Included on the first disc along with the feature is a commentary track with director Julien Temple and Brit-pop band Pulp frontman Jarvis Cocker (of all people) discussing the creation of Glastonbury and shared experiences from the festival itself. On the second disc, we get a series of uncut musical performances—hooray!—from the Foo Fighters, Paul McCartney, The White Stripes, The Killers, Goldfrapp, Nick Cave and the Bad Seeds, Radiohead, REM, and the Fun Lovin' Criminals. The performances look and sound great (only a stereo presentation here, alas) but are only the tip of the musical iceberg—a lot of performances shown briefly in Glastonbury clearly did not make the cut here, which is a shame. In addition, we also get interviews with both festival attendants and performing artists, including James Brown, Coldplay, Oasis' Noel Gallagher, The Dandy Warhols, Moby, Radio One DJ John Peel, and festival founder Michael Eavis.

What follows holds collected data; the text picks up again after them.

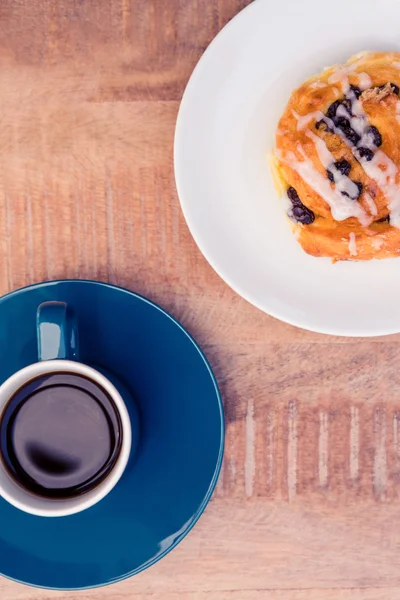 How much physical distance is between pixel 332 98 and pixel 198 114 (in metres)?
0.20

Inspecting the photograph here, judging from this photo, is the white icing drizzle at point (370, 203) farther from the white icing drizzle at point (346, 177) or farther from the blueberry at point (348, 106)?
the blueberry at point (348, 106)

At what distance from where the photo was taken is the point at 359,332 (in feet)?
3.21

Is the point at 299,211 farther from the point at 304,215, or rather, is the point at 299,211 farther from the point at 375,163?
the point at 375,163

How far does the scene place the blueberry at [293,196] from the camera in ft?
3.19

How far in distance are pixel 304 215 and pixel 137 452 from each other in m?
0.46

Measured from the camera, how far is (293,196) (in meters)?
0.98

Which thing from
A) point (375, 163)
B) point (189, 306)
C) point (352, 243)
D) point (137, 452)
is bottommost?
point (137, 452)

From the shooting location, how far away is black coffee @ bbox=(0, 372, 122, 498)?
936 mm

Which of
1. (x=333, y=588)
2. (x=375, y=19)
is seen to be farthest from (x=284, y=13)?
(x=333, y=588)

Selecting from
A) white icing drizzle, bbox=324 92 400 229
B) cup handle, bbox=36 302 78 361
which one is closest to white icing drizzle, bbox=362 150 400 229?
white icing drizzle, bbox=324 92 400 229

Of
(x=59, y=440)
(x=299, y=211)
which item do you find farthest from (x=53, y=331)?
(x=299, y=211)

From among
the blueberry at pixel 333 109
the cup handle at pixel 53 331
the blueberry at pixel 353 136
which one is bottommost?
the cup handle at pixel 53 331

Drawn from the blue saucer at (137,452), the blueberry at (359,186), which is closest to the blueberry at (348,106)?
the blueberry at (359,186)

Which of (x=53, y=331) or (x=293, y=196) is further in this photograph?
(x=293, y=196) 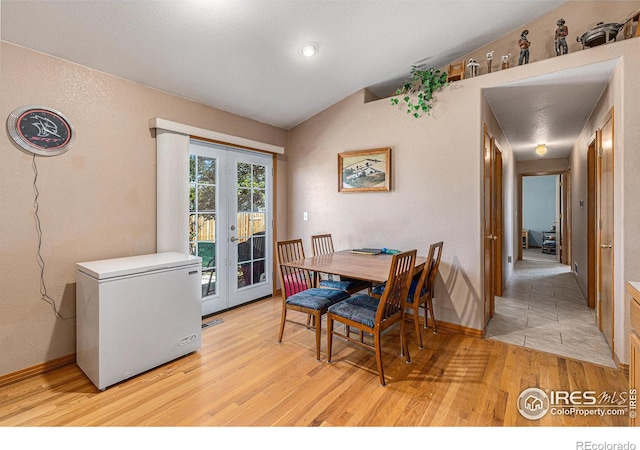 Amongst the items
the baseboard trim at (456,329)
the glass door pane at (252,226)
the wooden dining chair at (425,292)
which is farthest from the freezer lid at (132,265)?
the baseboard trim at (456,329)

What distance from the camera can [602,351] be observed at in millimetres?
2572

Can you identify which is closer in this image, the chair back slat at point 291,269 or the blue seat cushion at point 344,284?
the chair back slat at point 291,269

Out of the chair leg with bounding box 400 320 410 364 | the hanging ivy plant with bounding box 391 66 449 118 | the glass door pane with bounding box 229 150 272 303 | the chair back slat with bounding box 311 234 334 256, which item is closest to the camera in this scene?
the chair leg with bounding box 400 320 410 364

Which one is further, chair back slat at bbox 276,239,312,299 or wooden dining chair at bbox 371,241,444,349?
chair back slat at bbox 276,239,312,299

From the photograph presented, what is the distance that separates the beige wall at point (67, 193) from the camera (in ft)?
7.04

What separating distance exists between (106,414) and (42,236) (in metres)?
1.37

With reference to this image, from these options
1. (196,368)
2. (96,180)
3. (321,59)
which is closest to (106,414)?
(196,368)

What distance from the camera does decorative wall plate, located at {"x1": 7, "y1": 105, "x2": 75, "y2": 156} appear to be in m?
2.15

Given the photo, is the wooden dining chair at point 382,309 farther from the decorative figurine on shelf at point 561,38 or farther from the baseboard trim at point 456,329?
the decorative figurine on shelf at point 561,38

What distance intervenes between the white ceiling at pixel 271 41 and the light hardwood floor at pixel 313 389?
2.36 m

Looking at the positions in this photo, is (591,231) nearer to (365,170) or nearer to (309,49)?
(365,170)

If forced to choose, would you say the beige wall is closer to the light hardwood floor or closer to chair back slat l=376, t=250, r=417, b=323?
the light hardwood floor

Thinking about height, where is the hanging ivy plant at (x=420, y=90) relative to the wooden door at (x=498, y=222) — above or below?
above

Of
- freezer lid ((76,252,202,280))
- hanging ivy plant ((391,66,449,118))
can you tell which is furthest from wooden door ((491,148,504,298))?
freezer lid ((76,252,202,280)) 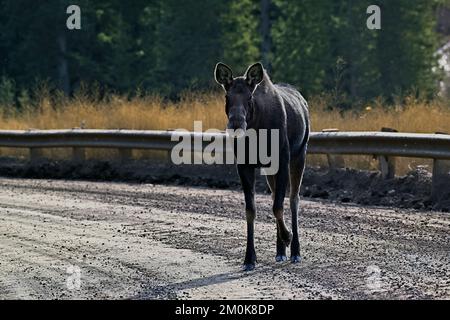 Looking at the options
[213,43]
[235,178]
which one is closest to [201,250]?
[235,178]

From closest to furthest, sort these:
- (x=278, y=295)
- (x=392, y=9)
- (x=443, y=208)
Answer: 1. (x=278, y=295)
2. (x=443, y=208)
3. (x=392, y=9)

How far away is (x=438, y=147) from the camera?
14672 millimetres

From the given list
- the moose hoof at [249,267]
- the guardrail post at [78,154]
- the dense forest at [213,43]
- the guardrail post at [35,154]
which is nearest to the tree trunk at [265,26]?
the dense forest at [213,43]

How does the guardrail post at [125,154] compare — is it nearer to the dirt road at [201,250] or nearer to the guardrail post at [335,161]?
the dirt road at [201,250]

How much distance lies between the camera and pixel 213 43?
4438cm

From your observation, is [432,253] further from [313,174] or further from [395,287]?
[313,174]

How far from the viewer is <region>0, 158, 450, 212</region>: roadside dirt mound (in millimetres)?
15055

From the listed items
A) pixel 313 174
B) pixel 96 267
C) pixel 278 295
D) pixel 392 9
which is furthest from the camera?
pixel 392 9

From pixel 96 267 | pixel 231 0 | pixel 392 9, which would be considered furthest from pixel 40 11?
pixel 96 267

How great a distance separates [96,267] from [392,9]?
33972mm

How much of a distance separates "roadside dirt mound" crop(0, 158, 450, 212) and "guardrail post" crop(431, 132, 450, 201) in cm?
10

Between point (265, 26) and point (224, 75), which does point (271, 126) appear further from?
point (265, 26)

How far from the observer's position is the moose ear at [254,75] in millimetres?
10031

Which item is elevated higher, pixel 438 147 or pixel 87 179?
pixel 438 147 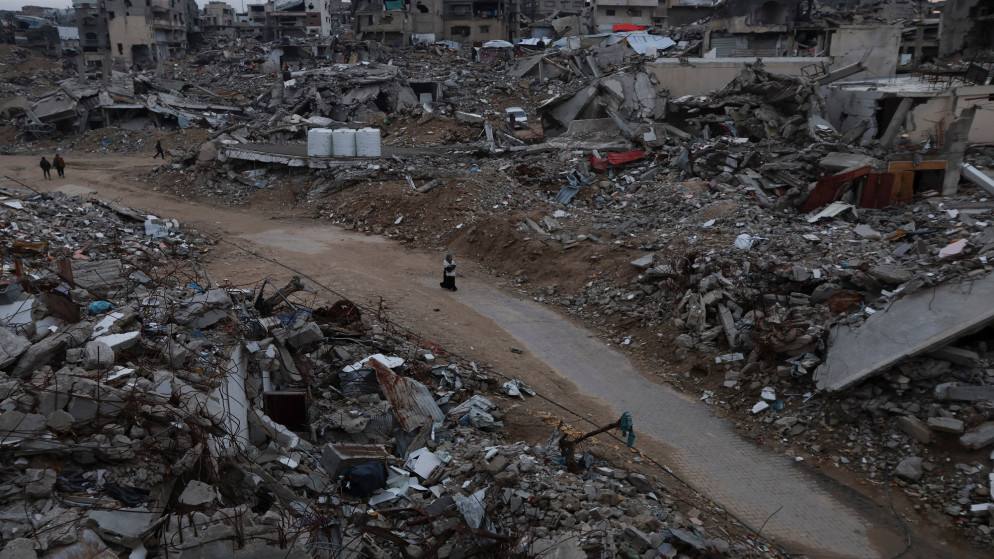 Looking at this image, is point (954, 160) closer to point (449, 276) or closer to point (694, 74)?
point (449, 276)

Decent stuff here, but mostly just! deleted scenes that didn't make the theatrical cut. Two small featurettes, "Freeing the Spirit: Glastonbury 1999" and "Glastonbury Ceremony," chronicle some of the more free-spirited moments of Glastonbury, rounded off with a theatrical trailer and film previews. All things considered, this two-disc set dishes up a satisfying amount of supplementary material.
The Rebuttal Witnesses
The schizophrenic nature of the Glastonbury festival leads to an expected amount of cinematic inconsistency in capturing the cumulative effect, and here is where Glastonbury derails somewhat. The film spends far too much time focusing on the freaks, geeks, free spirits, and thoroughly un-sober folk that populate the festival, and not nearly enough time focusing on the musical acts, which will arguably be the biggest draw for DVD sales. To headline on the DVD packaging a performance from David Bowie and then only give us 90 seconds of a single song interlaced with footage from concert-goers dancing during the film itself is a rip, pure and simple.
As a concert DVD, Glastonbury kind of sucks. We only get a minute here and there of a particular artist or group performing for every ten minutes of footage of stoned hippies playing hackie-sack. The uncut performances included on the second disc help ease the pain, but are in of themselves a frustratingly incomplete offering. Why are we being given an uncut performance from the one-hit-wonders Fun Lovin' Criminals, but not from Bjork, David Bowie, Joe Strummer, Morrissey, or any of the dozens of other notable musical acts featured in this DVD? It's robbery, I tells ya!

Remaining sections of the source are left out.